═════ Extracted information ═════

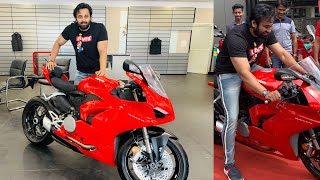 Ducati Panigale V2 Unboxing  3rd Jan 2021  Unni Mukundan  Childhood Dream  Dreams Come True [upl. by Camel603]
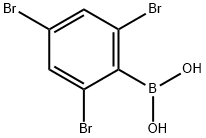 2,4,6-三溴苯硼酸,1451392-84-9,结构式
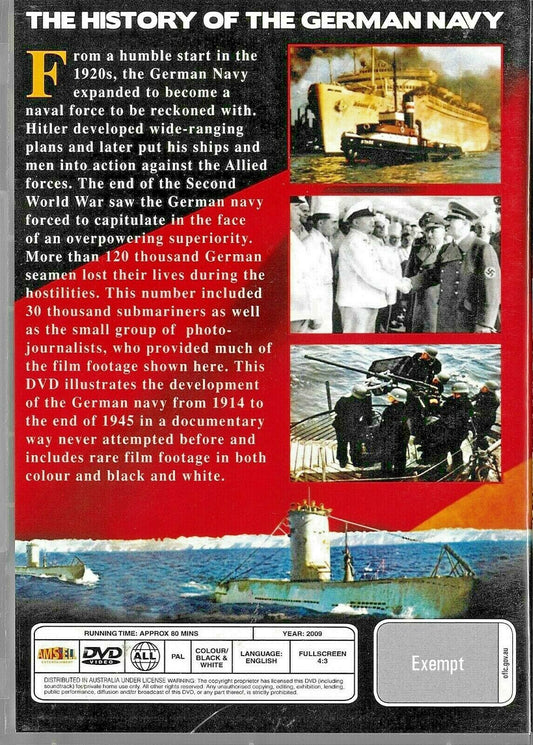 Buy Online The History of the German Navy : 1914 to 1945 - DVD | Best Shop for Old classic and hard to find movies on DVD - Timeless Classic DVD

═════
═════ Extracted information ═════

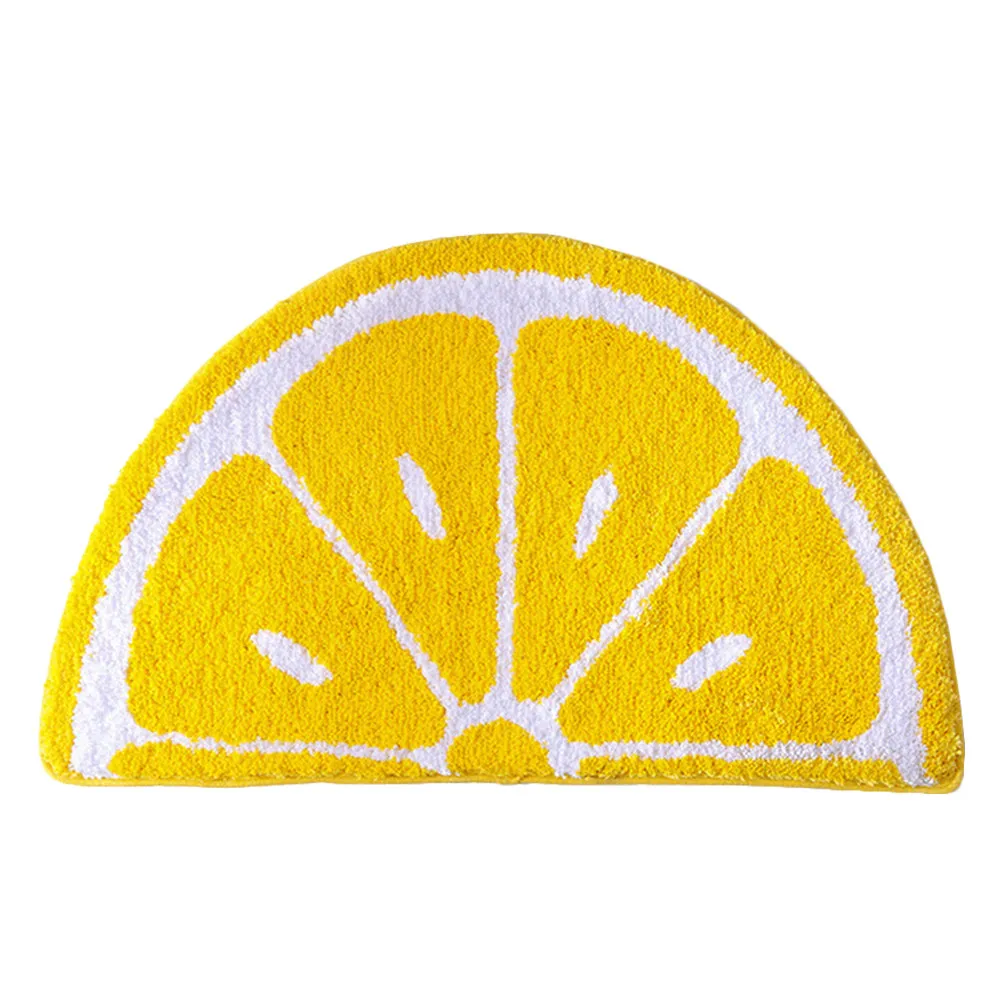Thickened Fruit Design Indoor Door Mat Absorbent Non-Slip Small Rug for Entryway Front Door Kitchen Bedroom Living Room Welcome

═════
═════ Extracted information ═════

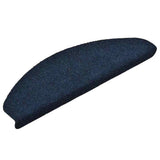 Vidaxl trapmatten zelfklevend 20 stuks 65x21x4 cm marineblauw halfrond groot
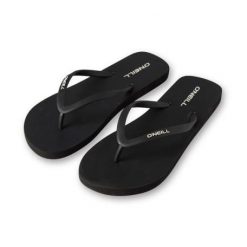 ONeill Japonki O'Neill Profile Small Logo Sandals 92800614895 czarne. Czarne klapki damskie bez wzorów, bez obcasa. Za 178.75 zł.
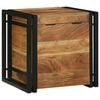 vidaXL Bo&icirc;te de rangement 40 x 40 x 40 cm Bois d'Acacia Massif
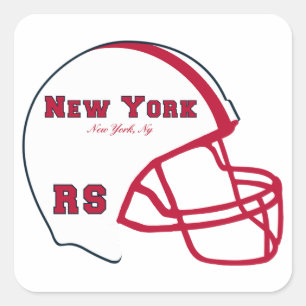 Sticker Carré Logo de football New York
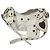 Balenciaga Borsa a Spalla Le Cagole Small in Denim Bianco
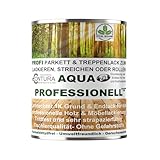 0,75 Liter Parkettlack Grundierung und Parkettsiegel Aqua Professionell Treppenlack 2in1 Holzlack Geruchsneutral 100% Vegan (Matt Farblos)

═════

→ Work instructions:
Could you transcribe exactly the entries above, but only the lines from the one with "Ducati Panigale V2" through the one with "Buy Online The", and without pictures?

→ Written solution:
 Ducati Panigale V2 Unboxing  3rd Jan 2021  Unni Mukundan  Childhood Dream  Dreams Come True [upl. by Camel603]
 2,4,6-三溴苯硼酸,1451392-84-9,结构式
 Buy Online The History of the German Navy : 1914 to 1945 - DVD | Best Shop for Old classic and hard to find movies on DVD - Timeless Classic DVD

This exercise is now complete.